Sedangkan di akhirat, Allah akan memberinya pahala dan meninggikan derajatnya
karena sifat tawadhu’nya di dunia (Lihat Al Minhaj Syarh Shahih Muslim, 16: 142)
Tawadhu’ juga merupakan akhlak mulia
dari para nabi ‘alaihimush sholaatu wa salaam. Lihatlah Nabi Musa ‘alaihis salam melakukan pekerjaan rendahan,
memantu memberi minum pada hewan ternak dalam rangka menolong dua orang wanita
yang ayahnya sudah tua renta. Lihat pula Nabi Daud ‘alaihis salam makan dari hasil kerja keras
tangannya sendiri. Nabi Zakariya dulunya seorang tukang kayu. Sifat tawadhu’
Nabi Isa ditunjukkan dalam perkataannya,
وَبَرًّا بِوَالِدَتِي وَلَمْ يَجْعَلْنِي جَبَّارًا شَقِيًّا
“Dan berbakti kepada ibuku, dan
Dia tidak menjadikan aku seorang yang sombong lagi celaka.” (QS. Maryam: 32). Lihatlah
sifat mulia para nabi tersebut. Karena sifat tawadhu’, mereka menjadi mulia di
dunia dan di akhirat.
Kedua:
Sebab adil, disayangi, dicintai di tengah-tengah manusia.
Orang tentu saja
akan semakin menyayangi orang yang rendah hati dan tidak menyombongkan diri.
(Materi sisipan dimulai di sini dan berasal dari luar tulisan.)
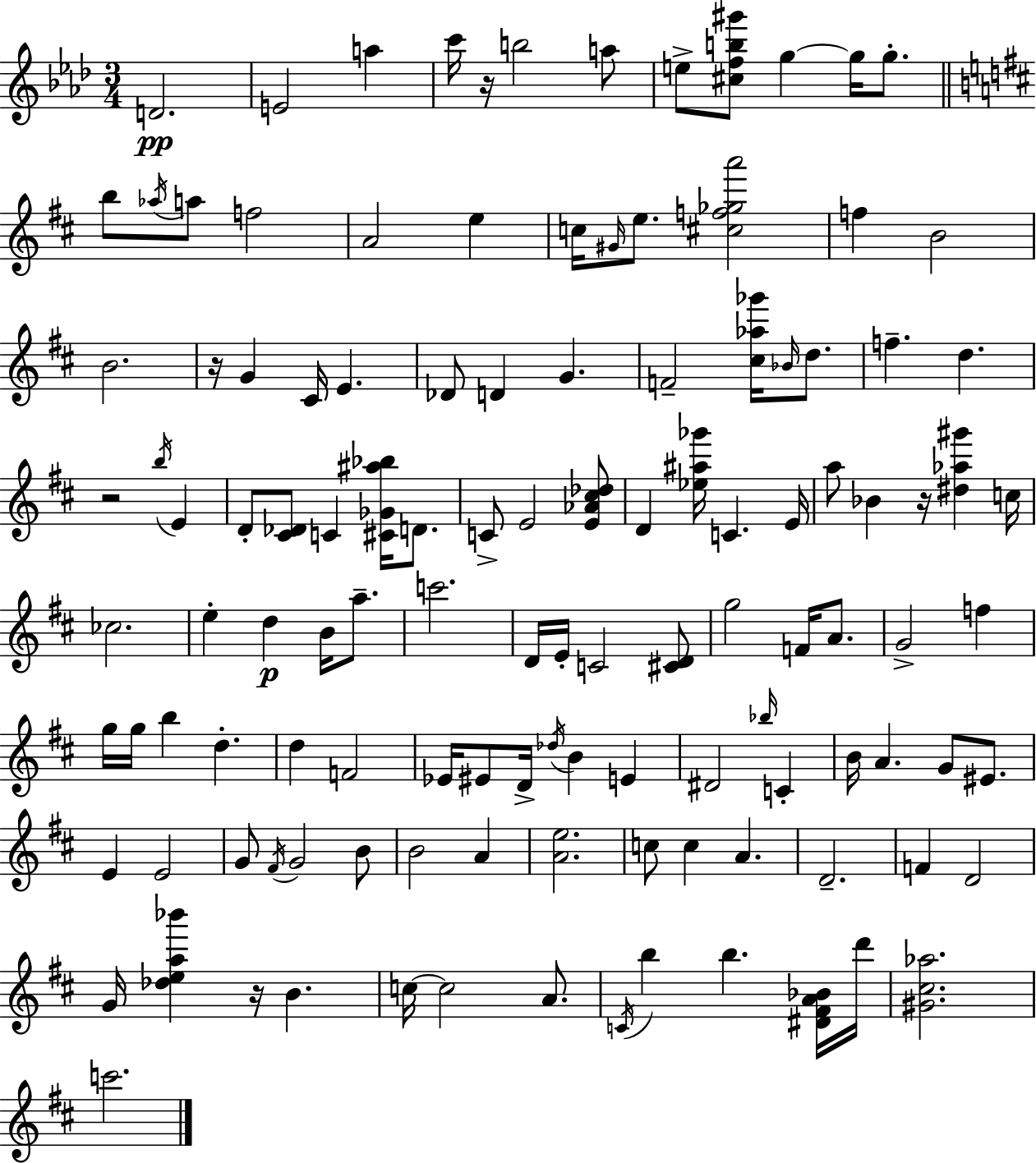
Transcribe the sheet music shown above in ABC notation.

X:1
T:Untitled
M:3/4
L:1/4
K:Fm
D2 E2 a c'/4 z/4 b2 a/2 e/2 [^cfb^g']/2 g g/4 g/2 b/2 _a/4 a/2 f2 A2 e c/4 ^G/4 e/2 [^cf_ga']2 f B2 B2 z/4 G ^C/4 E _D/2 D G F2 [^c_a_g']/4 _B/4 d/2 f d z2 b/4 E D/2 [^C_D]/2 C [^C_G^a_b]/4 D/2 C/2 E2 [E_A^c_d]/2 D [_e^a_g']/4 C E/4 a/2 _B z/4 [^d_a^g'] c/4 _c2 e d B/4 a/2 c'2 D/4 E/4 C2 [^CD]/2 g2 F/4 A/2 G2 f g/4 g/4 b d d F2 _E/4 ^E/2 D/4 _d/4 B E ^D2 _b/4 C B/4 A G/2 ^E/2 E E2 G/2 ^F/4 G2 B/2 B2 A [Ae]2 c/2 c A D2 F D2 G/4 [_dea_b'] z/4 B c/4 c2 A/2 C/4 b b [^D^FA_B]/4 d'/4 [^G^c_a]2 c'2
Itulah yang terdapat pada sisi Nabi kita shallallahu ‘alaihi wa sallam. Beliau shallallahu ‘alaihi wa sallam pernah bersabda,
وَإِنَّ اللَّهَ أَوْحَى إِلَىَّ أَنْ تَوَاضَعُوا حَتَّى لاَ يَفْخَرَ أَحَدٌ عَلَى أَحَدٍ وَلاَ يَبْغِى أَحَدٌ عَلَى أَحَدٍ
“Dan sesungguhnya Allah
mewahyukan padaku untuk memiliki sifat tawadhu’. Janganlah seseorang
menyombongkan diri (berbangga diri) dan melampaui batas pada yang lain.” (HR. Muslim no. 2865).
Mencontoh
Sifat Tawadhu’ Nabi shallallahu ‘alaihi wa sallam
Allah Ta’ala berfirman,
لَقَدْ كَانَ لَكُمْ فِي رَسُولِ اللَّهِ أُسْوَةٌ حَسَنَةٌ لِمَنْ كَانَ يَرْجُو اللَّهَ وَالْيَوْمَ الْآَخِرَ وَذَكَرَ اللَّهَ كَثِيرًا
“Sesungguhnya telah ada pada
(diri) Rasulullah itu suri teladan yang baik bagimu (yaitu) bagi orang yang
mengharap (rahmat) Allah dan (kedatangan) hari kiamat dan dia banyak menyebut
Allah.” (QS. Al Ahzab:
21)
Lihatlah Nabi shallallahu ‘alaihi wa sallam masih memberi salam pada anak
kecil dan yang lebih rendah kedudukan di bawah beliau. Anas berkata,
أن
النبي صلى الله عليه و سلم كان يزور الأنصار ويسلم على صبيانهم ويمسح رؤوسهم
“Sungguh Nabi shallallahu
‘alaihi wa sallam biasa berkunjung ke orang-orang Anshor. Lantas beliau memberi
salam kepada anak kecil mereka dan mengusap kepala mereka.” (HR. Ibnu Hibban dalam kitab
shahihnya no. 459. Sanad hadits ini shahihkata Syaikh Syu’aib Al Arnauth) Subhanallah … Ini sifat yang sungguh mulia
yang jarang kita temukan saat ini. Sangat sedikit orang yang mau memberi salam
kepada orang yang lebih rendah derajatnya dari dirinya. Boleh jadi orang
tersebut lebih mulia di sisi Allah karena takwa yang ia miliki.
Coba lihat lagi
bagaimana keseharian Nabi shallallahu ‘alaihi wa sallam di rumahnya. Beliau membantu
istrinya. Bahkan jika sendalnya putus atau bajunya sobek, beliau menjahit dan
memperbaikinya sendiri. Ini beliau lakukan di balik kesibukan beliau untuk
berdakwah dan mengurus umat.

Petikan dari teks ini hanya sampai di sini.